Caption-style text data
==================================================

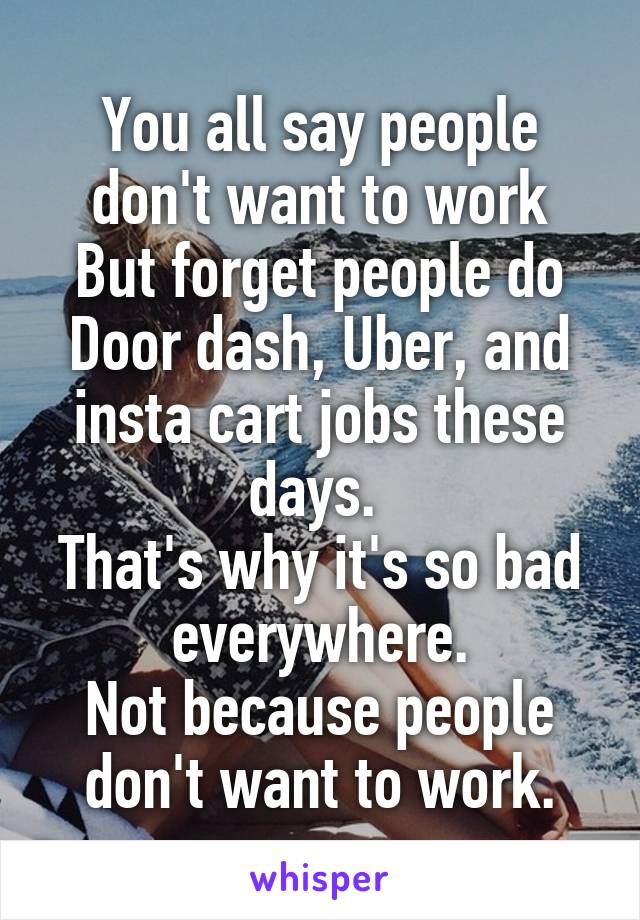 You all say people don't want to work
But forget people do Door dash, Uber, and insta cart jobs these days. 
That's why it's so bad everywhere.
Not because people don't want to work.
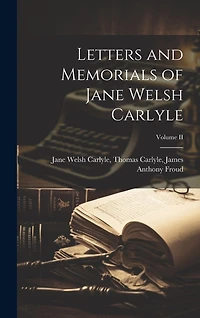 Letters and Memorials of Jane Welsh Carlyle; Volume II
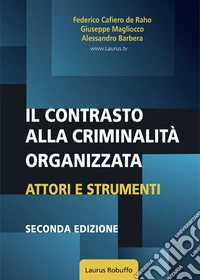 Il contrasto alla criminalità organizzata. Attori e strumenti libro
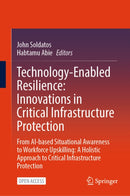 Technology-Enabled Resilience: Innovations in Critical Infrastructure Protection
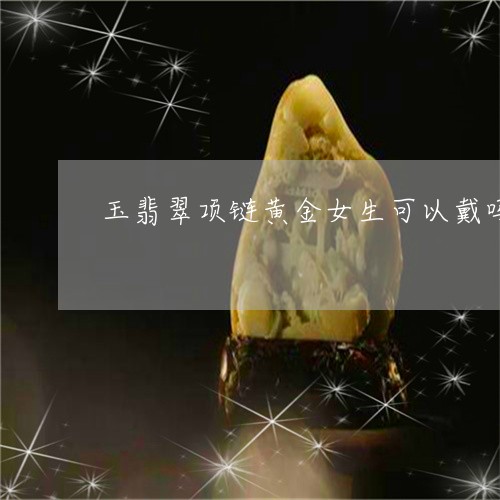 玉翡翠项链黄金女生可以戴吗/2023071260593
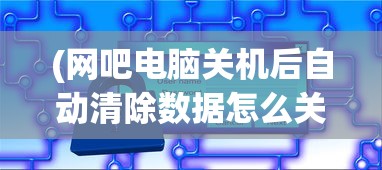 (网吧电脑关机后自动清除数据怎么关闭)网吧电脑关机后自动清除数据的深度解析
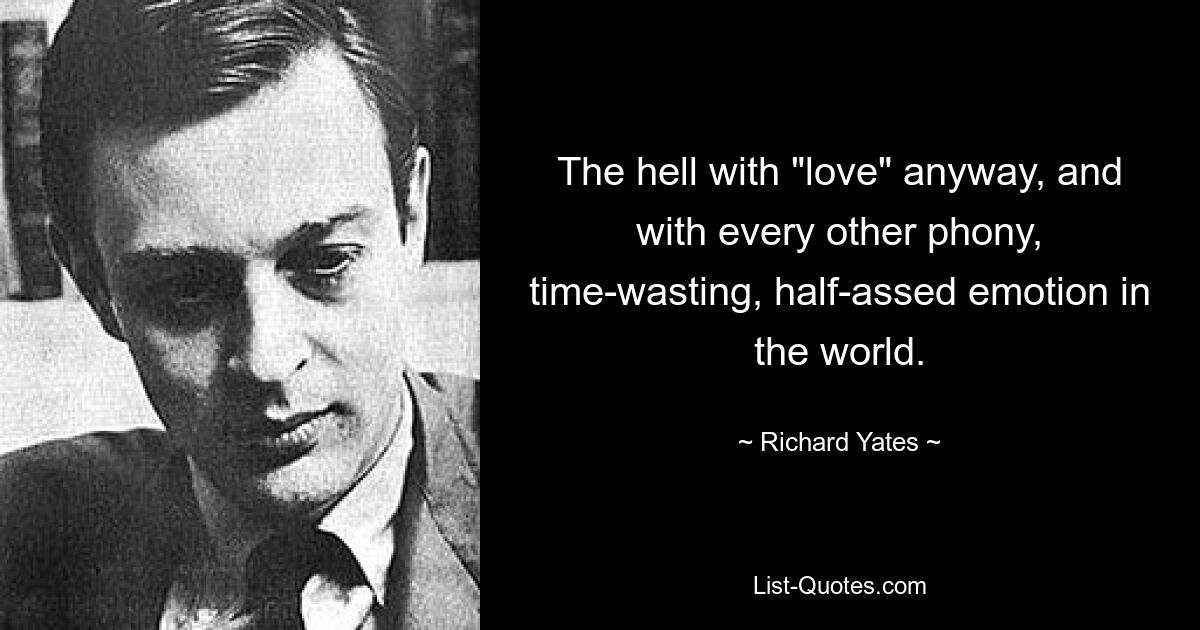 The hell with "love" anyway, and with every other phony, time-wasting, half-assed emotion in the world. — © Richard Yates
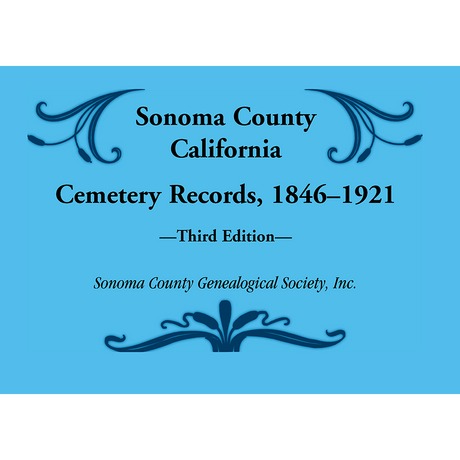 Sonoma County, California Cemetery Records, 1846-1921: Third Edition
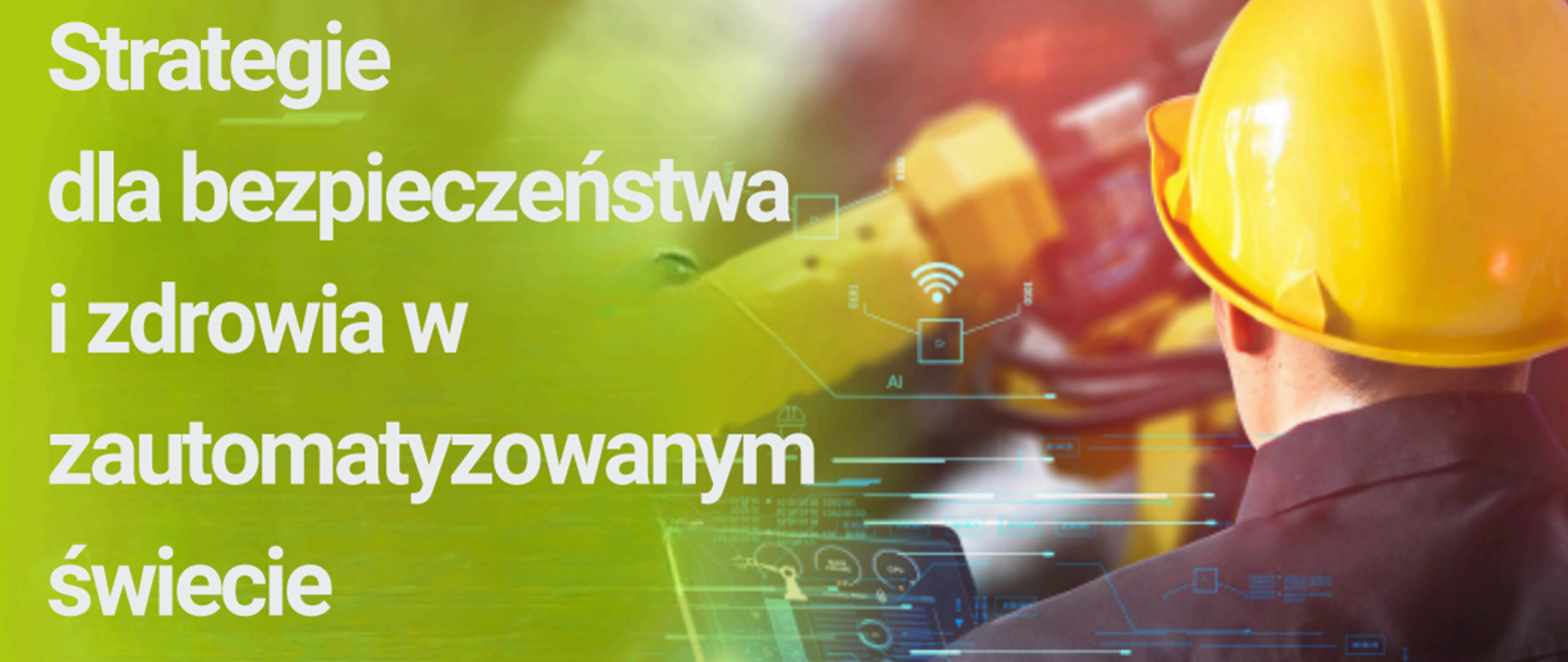 Strategie dla bezpieczeństwa i zdrowia w zautomatyzowanym świecie - grafika ilustracyjna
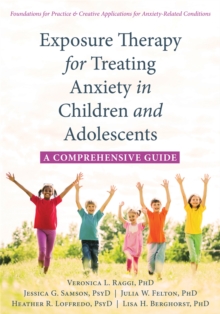 Exposure Therapy for Treating Anxiety in Children and Adolescents : A Comprehensive Guide, Paperback Book Exposure Therapy for Treating Anxiety in Children and Adolescents : A Comprehensive Guide, Paperback Book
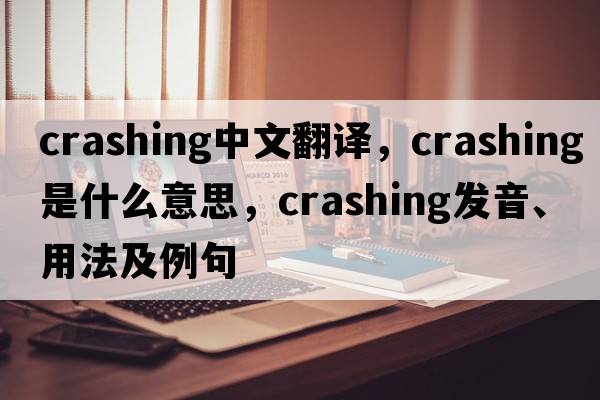 crashing中文翻譯，crashing是什么意思，crashing發(fā)音、用法及例句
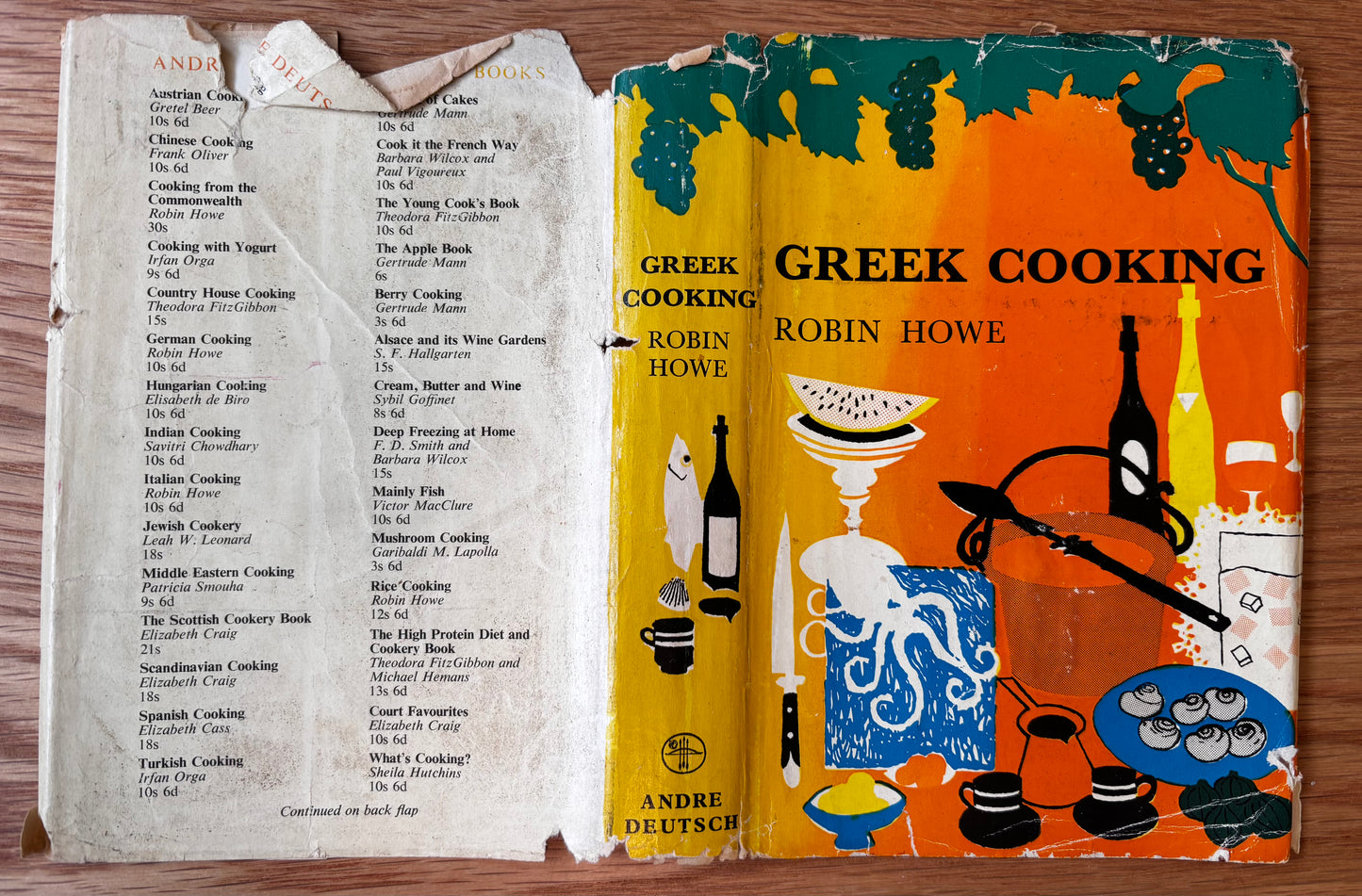 Adrian Bailey GREEK COOKING Robin Howe 1st Ed DJ 1960 Andre Deutsch COOKERY BOOK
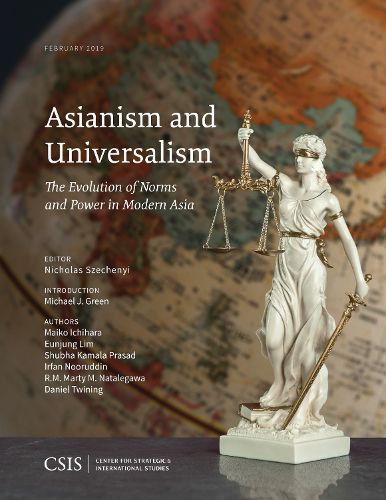 Cover image for Asianism and Universalism: The Evolution of Norms and Power in Modern Asia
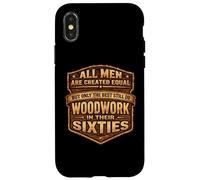 Only The Best Men Do Woddwork In Their Sixties Old Carpenter Case for iPhone X/XS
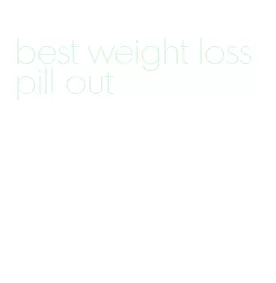best weight loss pill out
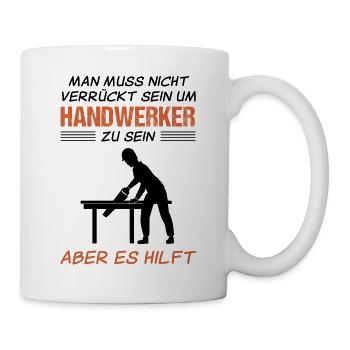 Handwerker Handwerk Lustiger Spruch Geschenk - Tasse - Weiß - Rechts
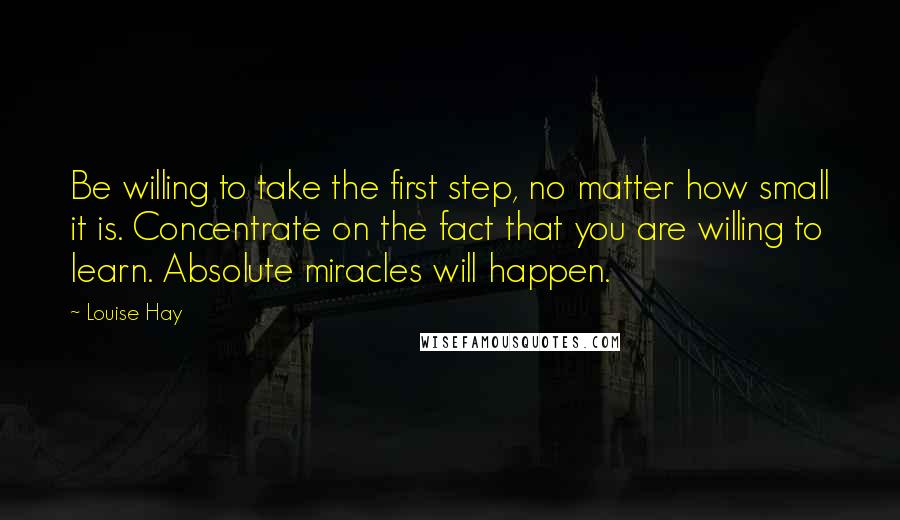 Louise Hay Quotes: Be willing to take the first step, no matter how small it is. Concentrate on the fact that you are willing to learn. Absolute miracles will happen.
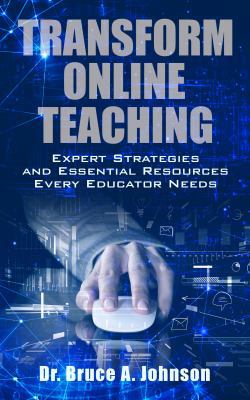 Transform Online Teaching: Expert Strategies an... 0692791299 Book Cover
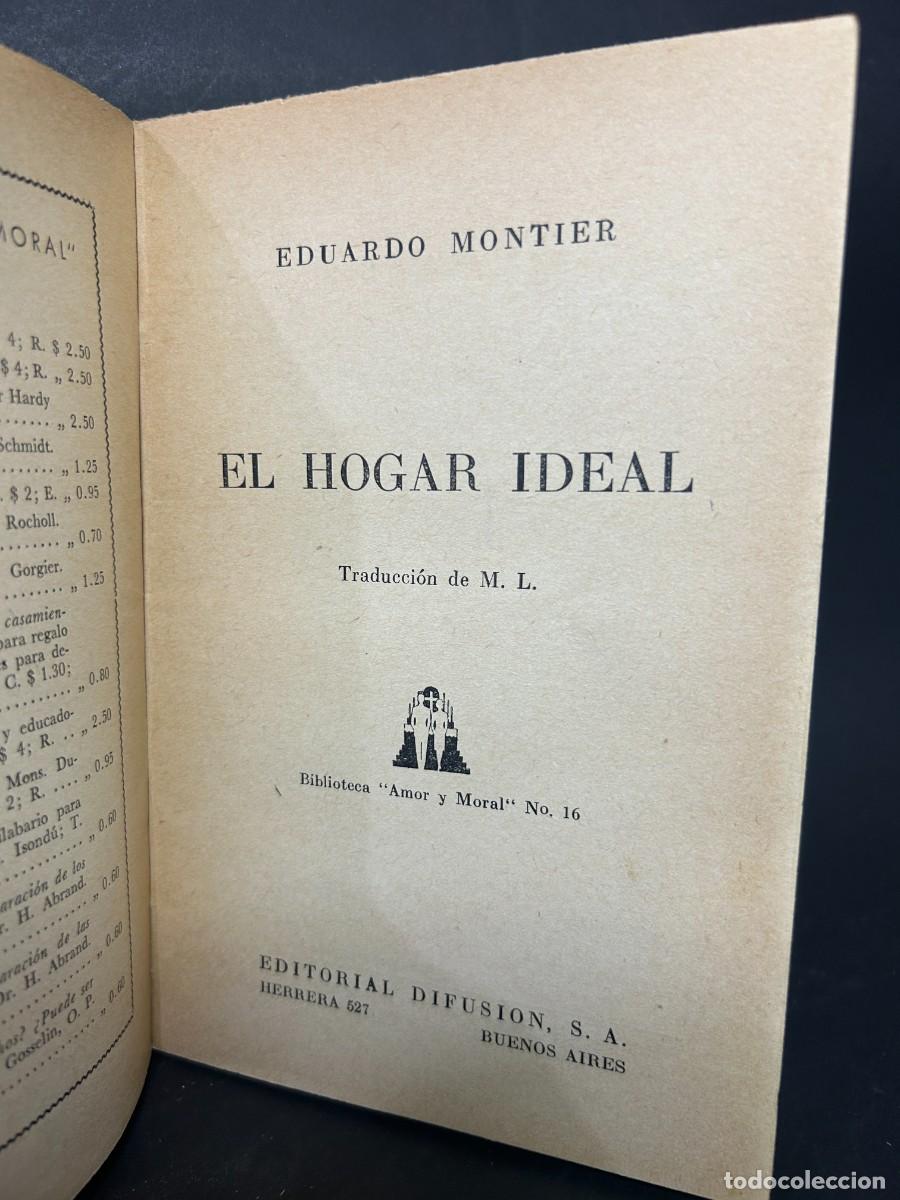 Libros de segunda mano: EDUARDO MONTIER - EL HOGAR IDEAL - PRIMERA EDICI&Oacute;N EN ESPA&Ntilde;OL - 1946 - Foto 3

==================================================

Work item »
Reproduce the data above exactly, but only from the line containing "Technology-Enabled Resilience: Innovations" through the line containing "Sonoma County, California". Omit all pictures.

Output for this task »
 Technology-Enabled Resilience: Innovations in Critical Infrastructure Protection
 玉翡翠项链黄金女生可以戴吗/2023071260593
 (网吧电脑关机后自动清除数据怎么关闭)网吧电脑关机后自动清除数据的深度解析
 The hell with "love" anyway, and with every other phony, time-wasting, half-assed emotion in the world. — © Richard Yates
 Sonoma County, California Cemetery Records, 1846-1921: Third Edition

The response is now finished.